Below, you will find a basic scraping built on pupeteer to open the web version of the FYP.

Tech Setup

To run this project, you should be able to open a command line on your computer and install software. For the first part you need to have nodejs installed. After you have created a folder and navigated to it with the console run npm install pupeteer in it.

A basic scraper that opens the TikTok website should look like this:

const puppeteer = require("puppeteer");

async function run() {
// Setting up the browser
const browser = await puppeteer.launch({
executablePath: "/usr/bin/google-chrome", //we want to run chrome. You need to adjust this depening on your operating system
headless: false, // we want to see what pupeteer is doing, headless:true would mean the browser is not shown
defaultViewport: null,
args: ["--window-size=1920,1080"],
});
const page = await browser.newPage(); // opening a new tab
await page.goto("https://tiktok.com/foryou"); // open TikTok
}

run();

This should bring up a browser windows like this:

This basic process, already allows you to garner information about the videos TikTok would like to show you- even though you can’t see them. You can right-click on the page and select “view source” (or press ctrl+u) to see the HTML source code of the site. Search for “ItemModule” and you will be able to access information about the videos in a structured JSON-format.
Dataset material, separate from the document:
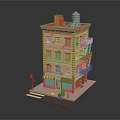 Vintage Multi Story Building With Orange Exterior Fire Escape Storefront And Street Lamp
The JSON object contains information about the first eight videos that are available or displayed on the FYP. The structure of each JSON object is shown here. You can extract that data automatically and put it on an internal list like this:

// once the page is loaded we will search for the javascript block with the ID #SIGI_STATE and parse it's content as JSON
const sigistate = await page.$eval("#SIGI_STATE", (el) => el.innerHTML);
initinfo = JSON.parse(sigistate);
videos = [];

// Iterate through the list of videos and add it to our own data structure
Object.keys(initinfo.ItemModule).forEach(async (el, c) => {
videos.push(initinfo.ItemModule[el]);
});

If you research requires you to get data on more videos, you have to interact with the website. When accessing the site, you will be initially prompted by a login popup, which you can close automatically.
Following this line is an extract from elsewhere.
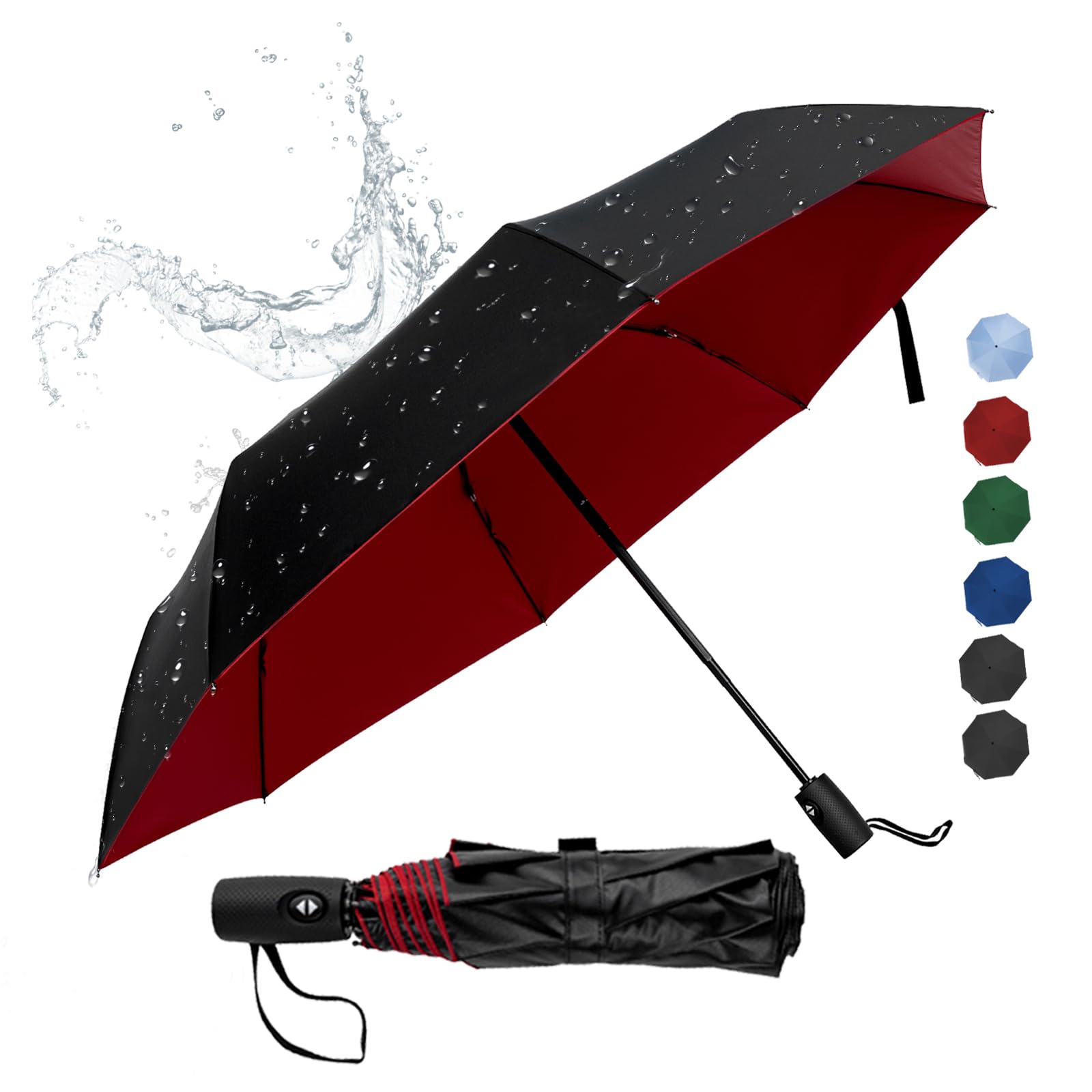 ALFROTEYALFROTEY Compact Travel Umbrella - Automatic Open/Close, Windproof, UV Protection, Lightweight, Folding Car Umbrella for Women & Men (Black Red, L)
If you are working with Chrome, you can use the developer settings to find out how you can manipulate the button with puppeteer. First open the developer console with F12, then right click the close icon, select “Inspect” and find the parent element that seems unique. In this case there is a div element with the attribute data-e2e="modal-close-inner-button". In puppeteer, you can use this attribute to identify the “X” and click it like this:

let logindialog = await page.$('div[data-e2e="modal-close-inner-button"]'); // waiting until the page is loaded to the point where the dialog shows up
await logindialog.click(page, 'div[data-e2e="modal-close-inner-button"]'); // click on the X

After that we can scroll the page forever, tapping the key-down every two seconds.

while (true) {
// this loops runs indefinitivly, if we don't close it
await page.waitForTimeout(2000); // wait 2000 milliseconds
await page.keyboard.press("ArrowDown"); // pree the ArrowDown Key
}

When watching the bot scroll through TikTok and looking at the network traffic in the developer console you’ll notice that there is a infrequent call to a TikTok API https://www.tiktok.com/api/recommend/item_list/ that returns a list of the next 30 videos. Finding this request and understanding what it is might be more complicated on other platforms or services. In some cases, undocumented APIs can be a key element of data-driven investigations to help make sense of what you are collecting.
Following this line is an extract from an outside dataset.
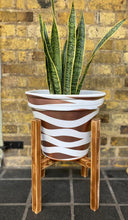 Load image into Gallery viewer, Whisky Barrel Oak Half Half Strong Leg Plant Pot Stand Hand Made In UK
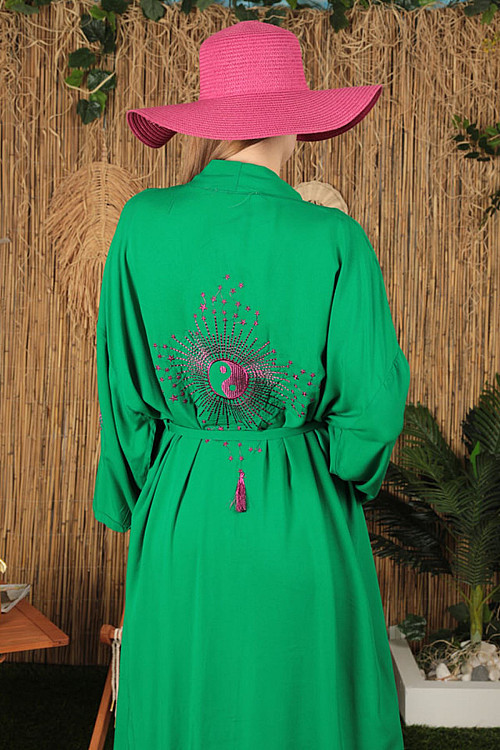 Viskon Kumaş Parlak Nakış Kadın Kimono-Yeşil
With puppeteer, you can intercept network traffic and grab the list of recommended videos for your analysis - since it is running from within the browser you do not have to worry about any encryption. You can intercept the responses to this specific URL and process the video metadata as you like:

await page.setRequestInterception(true); // setting up pupeteer to monitor requests and responses
page.on("request", (request) => request.continue()); // we do not care about requests send to servers, so we just continue on those
page.on("response", (response) => {
// responses are parsed by the following script
try {
if (response.url().indexOf("api/recommend/item_list/item_list") > 0) {
//if data comes from the API we have identified we process it
response.json().then((data) => {
// parse it as json
data.itemList.forEach(async (el, c) => {
// and iterate over the videos in the list to store.
videos.push({ id: el.id, textExtra: el.textExtra });
});
});
console.log("Received Video Data. Seen " + videos.length + " so far");
}
} catch (e) {
console.log(e);
}
});

You have now successfully created a scraper for the TikTok public ForYouPage with less than 50 lines of code. Review the full here

Storing

To analyze a specific data set over a longer period, you need to store and process it. For this example project, you can use a file-based database like node-json-db that stores everything in a single JSON file. If you plan to run a project like this on a larger scale, you should consider regular database servers like Redis or MongoDB. You can install it with npm install node-json-db similar to the installation of puppeteer above. You can than run the full code from here

Note that in this example you only store the video ID, hashtags and statistics as you do not need all the additional (personal) information and should ensure cleaning your scraped data for legal and ethical reasons.

Analysis

Tech Setup

To help analyze your data, consider using jupyter notebooks with python. Experience shows that miniconda works well to run python and install dependencies. You can use the conda environment published with this tutorial.

Import Data

First, you can import the JSON database into a python dictionary:

import json
with open('../../../tiktok-fyp-videos.json') as file:
database = json.load(file)
print(len(database.keys()), 'videos in database')

This will result in something like: 474 videos in database (if you let the scraper run longer or multiple times, you will of course have more videos in your dataset).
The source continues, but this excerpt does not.